[NCLUG] RE: [Python-Dev] Judy for replacing internal dictionaries?

Sat Aug 3 20:36:32 MDT 2002

[Douglas Baskins, on www.sourcejudy.com/benchmarks/JudySLcompare.tar.gz]
> ...
> Remarkably, JudySL was the fastest "ordered mapping" method by a slight
> margin but, was more notable for its memory efficiency.  A hashing method
> that scales, requires awkward re-sizing the hashing table.  This would
> likely make the stores slower and disjoint in performance.  Hash lookup
> times were generally the fastest by a slim margin over JudySL.

But the read and write times for hash were significantly faster than for
JudySL in the two tables at the top of that file, where anything over 10% is
"significant" in my business, anything over 20% is "highly significant", and
30% is in "no-brainer" territory:

store/line  lookup/line  ADT
  2.847 uS     2.118 uS HASH
  3.845 uS     2.407 uS JUDY
   35.1%        13.6%   speedup if switching from Judy to hash

store/line  lookup/line  ADT
  2.236 uS     1.863 uS HASH
  3.439 uS     2.350 uS JUDY
   53.8%        26.1%   speedup if switching from Judy to hasn

> ...
> I believe any of the methods in this benchmark (except hashing) would be
> an excellent match for use in an interpreter such a Python.

I don't follow this.  Hashing has served us extremely well, and as I said
before, namespace hashtables are generally tiny in Python.  People have
optimized the hashtable implementation over a decade, and it screams.  BTW,
I note that the hash tables you used had chained collision lists; Python
uses open addressing instead, partly for better locality and partly to save
memory (hidden malloc overheads can kill you when allocating gazillions of
tiny records, and

typedef struct hashrec
{
    char	*word;
    struct hashrec *next;
} HASHREC;

likely burns at least 4 bytes per hashrec (50% overhead on a 32-bit box)
just for hidden malloc bookkeeping; Python avoids both the per-record malloc
overhead and the per-record 4-byte pointer to "the next" record).

> (Of course,I would prefer you use Judy).  I think memory efficiency and
> scaleablity are the most important requirements of an interpreter.

We worry about all seven of those <wink>, but the tradeoffs are complex.

>>
>> ...del
>> lookdict_string(dictobject *mp, PyObject *key, register long hash)
>> ...del
>> > 	if (ep->me_key == NULL || ep->me_key == key) return ep;

> I suspect the performance 'shortcut' by comparing the string pointer
> is 'buried' under the expensive subroutine call to lookdict_string().
> Does removing this code effect performance?  (If it does, I would be
> curious by how much, why and what was the test case?)

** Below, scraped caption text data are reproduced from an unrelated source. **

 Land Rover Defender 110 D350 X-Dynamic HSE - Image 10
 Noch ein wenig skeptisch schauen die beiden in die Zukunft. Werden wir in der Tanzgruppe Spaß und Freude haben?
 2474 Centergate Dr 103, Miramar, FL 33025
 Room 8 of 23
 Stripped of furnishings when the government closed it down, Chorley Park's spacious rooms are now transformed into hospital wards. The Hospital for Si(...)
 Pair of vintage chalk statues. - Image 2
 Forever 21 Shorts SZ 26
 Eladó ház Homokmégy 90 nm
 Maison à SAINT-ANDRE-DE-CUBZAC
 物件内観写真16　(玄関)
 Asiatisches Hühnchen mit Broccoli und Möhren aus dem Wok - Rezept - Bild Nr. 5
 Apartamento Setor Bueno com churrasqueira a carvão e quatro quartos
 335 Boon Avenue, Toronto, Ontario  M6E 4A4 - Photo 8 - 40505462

Oren Tirosh did some experiments with inlining this on key paths and posted
results to the Python-Dev mailing list.  The function-call overhead is the
bulk of the expense, and after inlining global namespace lookups they were
within 10% of the speed of local namespace lookups.  The jargon there isn't
obvious, so I'll spell that out a little:  a global namespace lookup is done
via the code I posted, looking up an interned string in a Python dict.  A
local namespace lookup doesn't involve dicts at all.  Instead local names
are mapped to a range of little integers at compile-time, and the code
generated for a local namespace lookup simply uses that integer to index a
contiguous vector containing the locals' values.

OTOH, there are other schemes on the table to make global lookups more like
local lookups, mapping to integer indices at compile-time.  This is
difficult in Python because the language is highly dynamic, and the *set* of
global names can mutate at runtime in ways static analysis can't determine.

> I am considering a "persistent" Judy project in the near future.  My
> goal would be to obsolete the b-tree.

I maintain Zope's B-Tree code, so I'd sure welcome that <wink>.  Note that
B+ Trees are ubiquitous in the database world, and they haven't historically
been concerned much with in-memory efficiency.  Instead the nodes are
carefully laid out to match physical disk characteristics, and the thrust is
to guarantee low worst-case bounds on the number of disk seeks needed.  I
expect that *could* be right up Judy's alley too.

> Also on the plate is a more scalable malloc() (just waiting to be done)
> and a fast, multi-cpu version of Judy.

If you need anyone in court, I'll be happy to testify that many platform
mallocs suck <wink>.